I appreciate the empathy here, but c'mon. Timothy Edgar has the audacity to claim that the U.S. is forcing migrants to illegally cross into this country and thus to their deaths. We in the U.S. are killing those illegals by making it too treacherous! Have mercy! Perhaps we should send some air conditioned Greyhounds over to Tijuana to pick them up and drop them off at the orchards.

I consider myself fairly liberal, mostly independent, but I still believe we have laws and borders for a good reason. It doesn't matter if illegals aren't terrorists. We don't have to put up with the attitude of "Oh well, they aren't really bothering anybody, so what can you do?" Republicans are split on this issue as I believe Democrats are. Some Republicans want to keep the flow of cheap, unprotected labor coming, I'm sure they would rather businesses be able to treat all employees like dirt while some Repubs are Xenophobes.
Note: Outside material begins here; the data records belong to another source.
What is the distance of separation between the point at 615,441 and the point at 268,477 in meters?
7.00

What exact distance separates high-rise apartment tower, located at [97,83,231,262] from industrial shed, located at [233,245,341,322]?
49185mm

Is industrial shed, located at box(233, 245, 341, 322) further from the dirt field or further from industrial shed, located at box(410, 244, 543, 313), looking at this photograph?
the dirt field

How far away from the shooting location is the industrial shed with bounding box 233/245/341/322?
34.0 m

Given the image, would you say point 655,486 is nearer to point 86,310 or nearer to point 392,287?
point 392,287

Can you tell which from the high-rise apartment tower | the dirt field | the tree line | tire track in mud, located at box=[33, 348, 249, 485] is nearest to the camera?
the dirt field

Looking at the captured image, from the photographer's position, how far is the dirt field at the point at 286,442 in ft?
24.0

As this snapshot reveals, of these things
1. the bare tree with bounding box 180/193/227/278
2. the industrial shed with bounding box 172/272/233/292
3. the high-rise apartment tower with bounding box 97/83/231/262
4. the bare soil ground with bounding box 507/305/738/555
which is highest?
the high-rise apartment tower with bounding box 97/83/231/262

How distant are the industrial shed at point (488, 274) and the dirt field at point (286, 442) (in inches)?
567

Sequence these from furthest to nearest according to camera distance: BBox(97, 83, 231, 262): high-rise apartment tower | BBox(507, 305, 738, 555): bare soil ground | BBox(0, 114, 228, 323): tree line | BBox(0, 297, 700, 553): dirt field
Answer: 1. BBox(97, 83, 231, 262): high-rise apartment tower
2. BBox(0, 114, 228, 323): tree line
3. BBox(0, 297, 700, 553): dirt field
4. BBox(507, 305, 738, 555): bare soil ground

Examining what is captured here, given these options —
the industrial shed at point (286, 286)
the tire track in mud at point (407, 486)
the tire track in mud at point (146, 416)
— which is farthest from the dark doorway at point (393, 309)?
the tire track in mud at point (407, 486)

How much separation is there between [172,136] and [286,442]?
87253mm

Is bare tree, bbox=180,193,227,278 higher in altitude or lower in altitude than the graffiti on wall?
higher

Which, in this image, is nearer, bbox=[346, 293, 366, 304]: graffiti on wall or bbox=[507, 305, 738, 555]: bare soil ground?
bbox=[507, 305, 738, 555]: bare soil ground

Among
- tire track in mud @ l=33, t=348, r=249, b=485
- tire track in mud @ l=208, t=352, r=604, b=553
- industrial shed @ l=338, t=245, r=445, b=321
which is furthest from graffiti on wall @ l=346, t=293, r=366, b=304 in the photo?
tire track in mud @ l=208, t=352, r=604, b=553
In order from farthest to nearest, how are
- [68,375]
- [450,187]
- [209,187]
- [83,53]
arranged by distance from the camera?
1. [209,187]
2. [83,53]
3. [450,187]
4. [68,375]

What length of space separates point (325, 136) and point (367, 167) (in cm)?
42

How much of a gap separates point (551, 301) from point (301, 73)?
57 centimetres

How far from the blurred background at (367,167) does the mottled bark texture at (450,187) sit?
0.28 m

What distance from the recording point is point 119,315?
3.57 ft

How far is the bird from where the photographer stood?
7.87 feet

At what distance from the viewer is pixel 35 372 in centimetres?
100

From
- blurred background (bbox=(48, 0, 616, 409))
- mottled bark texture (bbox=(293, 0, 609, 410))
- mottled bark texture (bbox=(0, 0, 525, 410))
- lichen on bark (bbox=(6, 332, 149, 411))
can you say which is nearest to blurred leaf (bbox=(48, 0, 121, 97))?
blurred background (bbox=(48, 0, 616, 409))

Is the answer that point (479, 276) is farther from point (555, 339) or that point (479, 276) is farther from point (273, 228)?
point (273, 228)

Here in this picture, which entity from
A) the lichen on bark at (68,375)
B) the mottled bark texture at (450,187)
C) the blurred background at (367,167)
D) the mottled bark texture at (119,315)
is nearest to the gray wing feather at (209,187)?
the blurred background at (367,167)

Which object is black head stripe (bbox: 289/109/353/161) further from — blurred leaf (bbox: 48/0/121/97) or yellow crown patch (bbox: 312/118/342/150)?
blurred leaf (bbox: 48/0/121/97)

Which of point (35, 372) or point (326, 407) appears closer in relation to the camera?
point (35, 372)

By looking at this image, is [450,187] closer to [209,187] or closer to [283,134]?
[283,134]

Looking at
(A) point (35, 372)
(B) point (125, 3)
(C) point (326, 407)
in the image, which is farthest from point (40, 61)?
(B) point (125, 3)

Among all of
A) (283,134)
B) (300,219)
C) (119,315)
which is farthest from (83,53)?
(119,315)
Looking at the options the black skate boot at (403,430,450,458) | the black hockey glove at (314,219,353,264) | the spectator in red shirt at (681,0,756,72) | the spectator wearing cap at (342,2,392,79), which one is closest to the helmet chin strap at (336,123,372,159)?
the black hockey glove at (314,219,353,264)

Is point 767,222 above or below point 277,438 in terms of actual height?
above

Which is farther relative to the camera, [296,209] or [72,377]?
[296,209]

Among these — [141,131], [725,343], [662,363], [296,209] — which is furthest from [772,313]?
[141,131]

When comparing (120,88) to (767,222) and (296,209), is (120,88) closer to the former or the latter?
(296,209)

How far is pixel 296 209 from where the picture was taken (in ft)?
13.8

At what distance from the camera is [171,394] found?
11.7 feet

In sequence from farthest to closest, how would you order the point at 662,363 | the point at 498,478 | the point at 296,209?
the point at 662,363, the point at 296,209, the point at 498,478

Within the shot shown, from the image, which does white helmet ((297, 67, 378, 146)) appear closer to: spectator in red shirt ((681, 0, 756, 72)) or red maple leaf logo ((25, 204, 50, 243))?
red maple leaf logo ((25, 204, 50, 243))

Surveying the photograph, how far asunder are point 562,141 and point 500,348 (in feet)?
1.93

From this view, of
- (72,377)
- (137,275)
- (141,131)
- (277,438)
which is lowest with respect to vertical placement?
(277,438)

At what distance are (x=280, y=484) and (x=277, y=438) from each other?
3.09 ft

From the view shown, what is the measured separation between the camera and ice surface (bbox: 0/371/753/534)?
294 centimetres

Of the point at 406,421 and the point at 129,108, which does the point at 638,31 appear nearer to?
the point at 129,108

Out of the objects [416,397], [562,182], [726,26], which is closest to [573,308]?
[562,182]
Democrats are torn between empathy for a poor and oppressed people just struggling to survive and between the feeling that the current situation is out of control and unfair to law abiding immigrants and potential immigrants.
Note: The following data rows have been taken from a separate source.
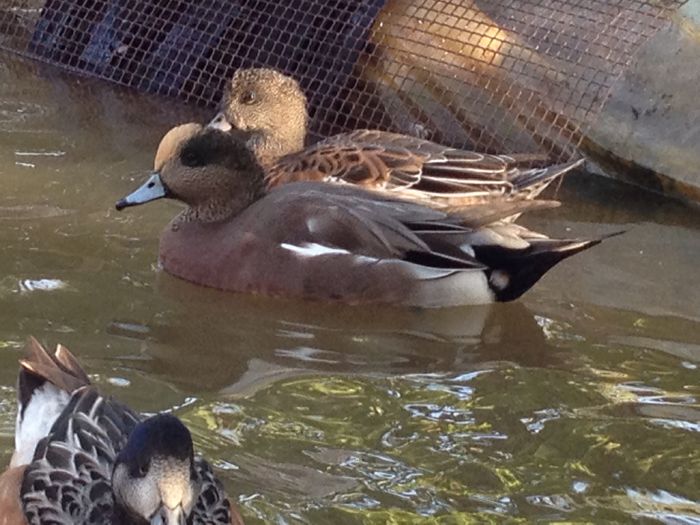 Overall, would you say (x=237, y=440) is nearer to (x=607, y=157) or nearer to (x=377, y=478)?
(x=377, y=478)

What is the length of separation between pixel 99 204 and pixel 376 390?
7.19 ft

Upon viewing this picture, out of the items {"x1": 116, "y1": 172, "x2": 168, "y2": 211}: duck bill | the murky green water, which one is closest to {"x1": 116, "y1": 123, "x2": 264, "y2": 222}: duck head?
{"x1": 116, "y1": 172, "x2": 168, "y2": 211}: duck bill

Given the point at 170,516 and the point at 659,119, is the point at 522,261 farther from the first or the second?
the point at 170,516

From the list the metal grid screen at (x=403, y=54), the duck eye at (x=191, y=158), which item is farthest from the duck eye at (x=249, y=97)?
the duck eye at (x=191, y=158)

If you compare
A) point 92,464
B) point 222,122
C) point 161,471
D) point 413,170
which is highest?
point 161,471

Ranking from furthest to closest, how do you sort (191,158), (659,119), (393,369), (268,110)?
(659,119)
(268,110)
(191,158)
(393,369)

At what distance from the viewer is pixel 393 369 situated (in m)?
5.55

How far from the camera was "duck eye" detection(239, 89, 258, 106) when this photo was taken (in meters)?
7.58

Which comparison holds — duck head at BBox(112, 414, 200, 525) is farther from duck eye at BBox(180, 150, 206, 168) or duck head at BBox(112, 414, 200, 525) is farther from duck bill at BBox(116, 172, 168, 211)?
duck eye at BBox(180, 150, 206, 168)

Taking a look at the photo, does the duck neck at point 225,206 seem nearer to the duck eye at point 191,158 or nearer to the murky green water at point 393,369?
the duck eye at point 191,158

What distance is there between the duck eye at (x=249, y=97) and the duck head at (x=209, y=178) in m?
0.99

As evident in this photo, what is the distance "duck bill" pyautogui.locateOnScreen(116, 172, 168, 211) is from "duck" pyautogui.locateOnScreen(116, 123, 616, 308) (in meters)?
0.26

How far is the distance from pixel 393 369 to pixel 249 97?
2454 mm

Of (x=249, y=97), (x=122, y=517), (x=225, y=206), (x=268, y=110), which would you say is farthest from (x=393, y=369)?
(x=249, y=97) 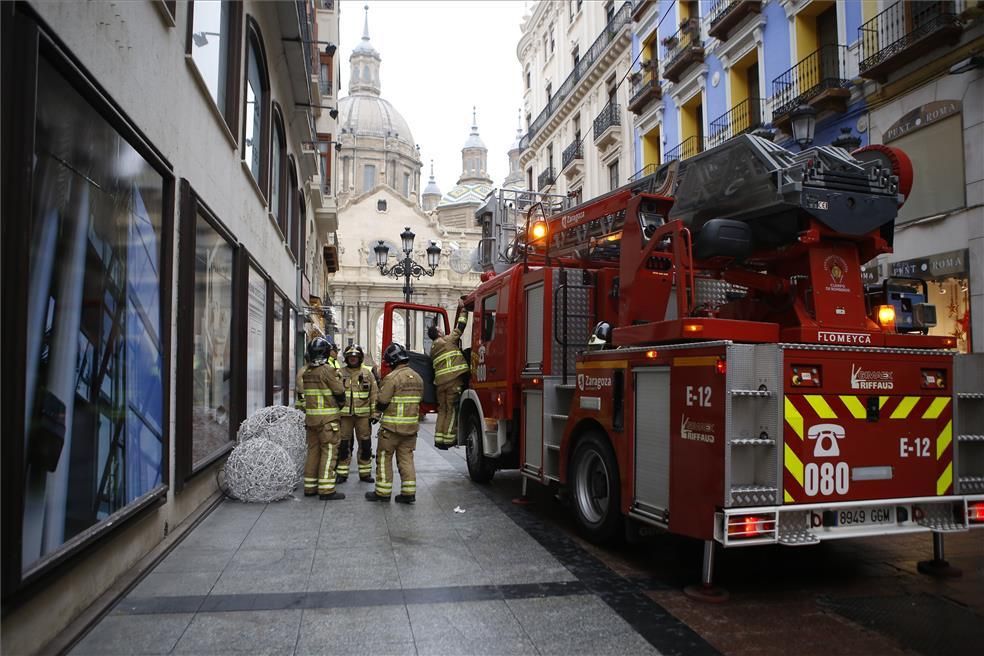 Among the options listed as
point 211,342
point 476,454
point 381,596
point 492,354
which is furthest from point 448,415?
point 381,596

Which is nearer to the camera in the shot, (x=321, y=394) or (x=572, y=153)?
(x=321, y=394)

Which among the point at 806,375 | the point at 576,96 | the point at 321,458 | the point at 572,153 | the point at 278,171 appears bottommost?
the point at 321,458

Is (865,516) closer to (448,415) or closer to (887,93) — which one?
(448,415)

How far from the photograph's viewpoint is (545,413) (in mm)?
7031

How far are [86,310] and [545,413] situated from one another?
4162mm

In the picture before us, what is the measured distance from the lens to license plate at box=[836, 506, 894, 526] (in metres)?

The environmental issues in this article should be addressed. Tossing in a legal loophole to allow Homeland Security to steamroll the public is typical of the current administration (motto: we are the party of order and democracy, except when we want to do something). But touchy feely comments like the one above are just fodder for the Repubs to make Dems and liberals seem pathetic and weak.

Monday, December 12, 2005 06:41 PM

Waste of Money

I am a research professor at an institute on the coast a couple of miles south of the border. I have lived and worked in the area for the last past 12 years. I drive along the border through Smugglers Gulch several time each week.

The fact is illegal border crossing in the coastal zone is almost non-existant. Crossers are blocked by very large houses lined up along the border in the Playas de Tijuana neighborhood. Immediately beyond those houses are very steep and trecherous hills which are almost completely impassable. Smugglers gulch itself forms a natrual choke-point between those hills, and another group of dangerous hills to the east. Anyone who tries to cross here not only faces the border patrol, but the swamps to the north, which during the rainy months are even more dangerous.

Before 1996-97 crowds of people would gather at the border every day. It was a major traffic hazard; there was even a makeshift store selling food and drinks to the crossers. Now the area is almost completely deserted.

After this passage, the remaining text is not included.